In ancient times, before 2000, Florida elections supervisors had profiles lower than mob guys in witness protection. Then came the butterfly ballot and Bush vs. Gore and the realization that not just anyone can run an election – or at least run an election well. Palm Beach County is on its third elections supervisor since then and next year may have a fourth. Meanwhile, the Legislature has made two major revisions in how the state conducts elections and another big change designed to make voter registration harder. Point being, the workings of elections never have been under more scrutiny. Sadly, 12 years after the biggest election fiasco in U.S. history, Palm Beach County remains unable to produce a string of trouble-free elections, no matter who is in charge. Theresa LePore’s 2000 ballot brought her a challenge from fellow Democrats in 2004. She lost to Arthur Anderson, a former school board chairman who had no experience with elections or technology. Mr. Anderson presided over a reign of error.
During his four years, the supervisor’s website incorrectly reported early results of a mayoral election in West Palm Beach, twice did not include the number of precincts counted with the number of votes and mysteriously “found” almost 700 votes three days after a city election. Mr. Anderson lost in the 2008 Democratic primary, and the county sent in a competent caretaker to steer the office through the presidential election.
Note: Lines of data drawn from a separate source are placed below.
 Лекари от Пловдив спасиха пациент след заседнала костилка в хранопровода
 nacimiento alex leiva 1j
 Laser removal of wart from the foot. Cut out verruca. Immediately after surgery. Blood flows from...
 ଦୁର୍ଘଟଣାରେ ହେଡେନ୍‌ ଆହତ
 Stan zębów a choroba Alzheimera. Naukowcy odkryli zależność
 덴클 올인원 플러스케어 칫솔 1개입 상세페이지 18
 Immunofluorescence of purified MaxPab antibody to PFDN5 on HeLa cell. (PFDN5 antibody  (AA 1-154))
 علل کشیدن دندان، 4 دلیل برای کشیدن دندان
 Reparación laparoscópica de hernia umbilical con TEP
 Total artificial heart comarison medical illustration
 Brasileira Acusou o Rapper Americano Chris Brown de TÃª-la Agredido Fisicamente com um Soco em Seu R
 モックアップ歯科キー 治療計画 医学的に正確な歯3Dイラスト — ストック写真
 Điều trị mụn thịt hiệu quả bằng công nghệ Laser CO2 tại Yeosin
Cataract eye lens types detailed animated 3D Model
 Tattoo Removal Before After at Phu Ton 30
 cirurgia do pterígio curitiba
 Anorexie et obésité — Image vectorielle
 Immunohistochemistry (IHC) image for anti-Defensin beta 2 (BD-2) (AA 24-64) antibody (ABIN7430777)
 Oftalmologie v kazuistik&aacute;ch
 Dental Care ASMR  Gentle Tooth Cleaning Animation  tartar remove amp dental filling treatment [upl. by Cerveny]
Former state legislator Susan Bucher beat Mr. Anderson in that primary. She also had no election experience aside from running for office. In 2010, Palm Beach County’s results trailed by hours those from the rest of the state in the governor’s race that was decided by roughly 1 percent. Last month, the office mistakenly certified two “winners” in the Wellington election who really had lost. Ms. Bucher quickly ducked any blame, which may hurt her more than the error itself. The state’s report on the Wellington debacle is due this week.